To second GuyRT's answer, I looked through the GL4.4 core spec:
glDrawElements is described as follows (emphasis mine):
This command constructs a sequence of geometric primitives by
successively transferring elements for count vertices to the GL.
In section 2.1, on can find the following statement (emphasis mine):
Commands are always processed in the order in which they are received,
[...] This means, for example, that one primitive must be drawn
completely before any subsequent one can affect the framebuffer.
One might read this as only valid for primitves rendered through different draw calls (commands), however, in 7.12.1, there is some further confirmation for the more general interpretation reading for that statement (again, my emphasis):
The relative order of invocations of the same shader type are
undefined. A store issued by a shader when working on primitive B
might complete prior to a store for primitive A, even if primitive A
is specified prior to primitive B. This applies even to fragment
shaders; while fragment shader outputs are written to the framebuffer
in primitive order, stores executed by fragment shader invocations are
not.
Yes, you can rely on the order being the same as specified in the index array, and that fragments will be correctly blended with the results of triangles specified earlier in the array.
I cannot find a reference for this, but my UI rendering code relies on this behaviour (and I think it is a common technique).
To my knowledge OpenGL makes no statement about the order of triangles rendered within a single draw call of any kind.
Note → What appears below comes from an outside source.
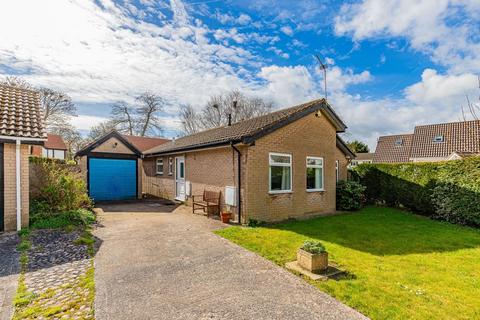 2 bedroom detached bungalow for sale, Despenser Road, Sully CF64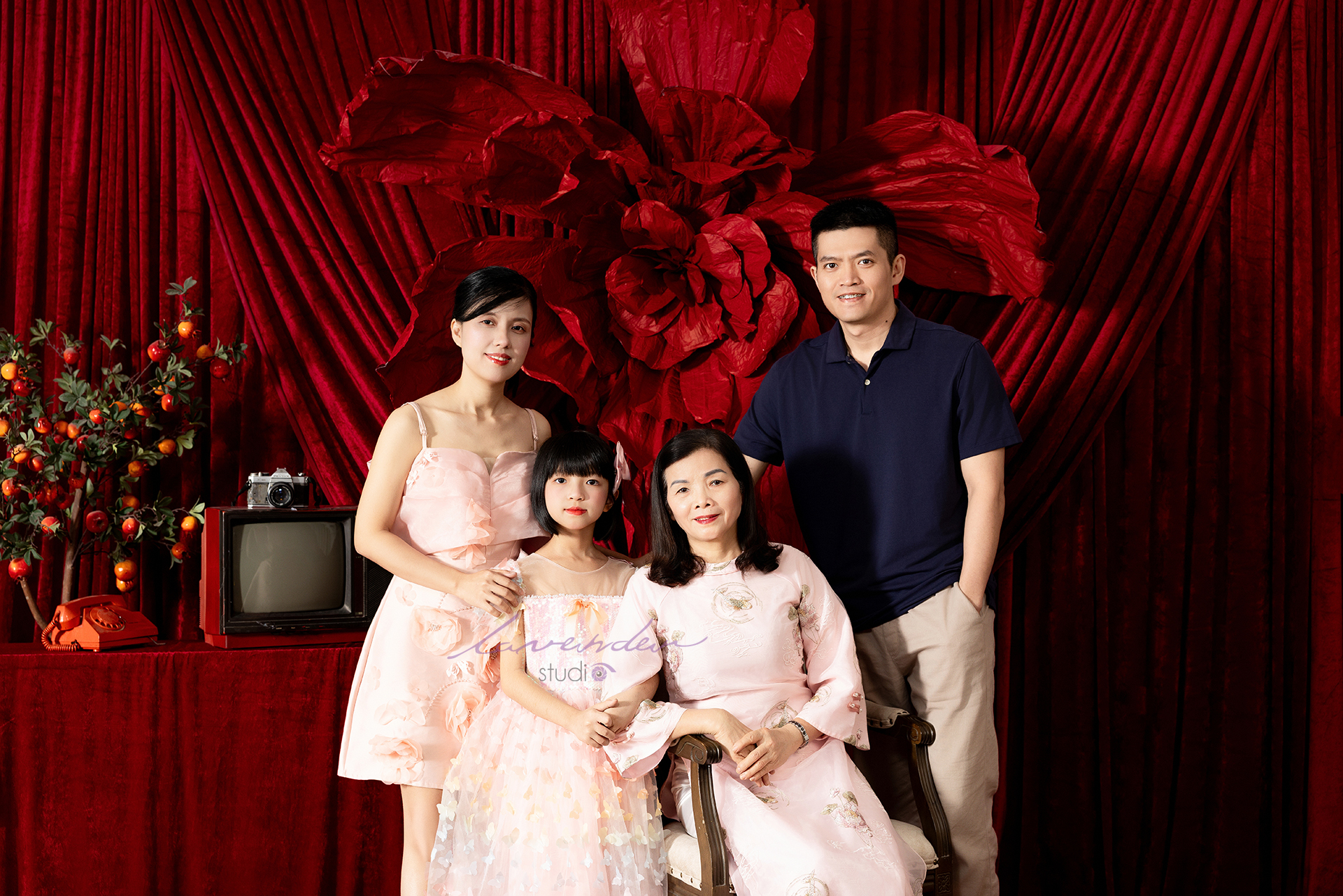 Nhu cầu chụp ảnh gia đình Tết 2026 tăng mạnh dịp cuối năm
It would be counterproductive of it to do so, because it would place undesirable constraints on implementations.
Consider that modern rendering hardware is almost always multi-processor, so the individual triangles from a draw call are almost certainly being rendered in parallel. If you need to render in a particular order for alpha blending purposes, you need to break up your geometry. Alternatively you could investigate the variety of order independent transparency algorithms out there.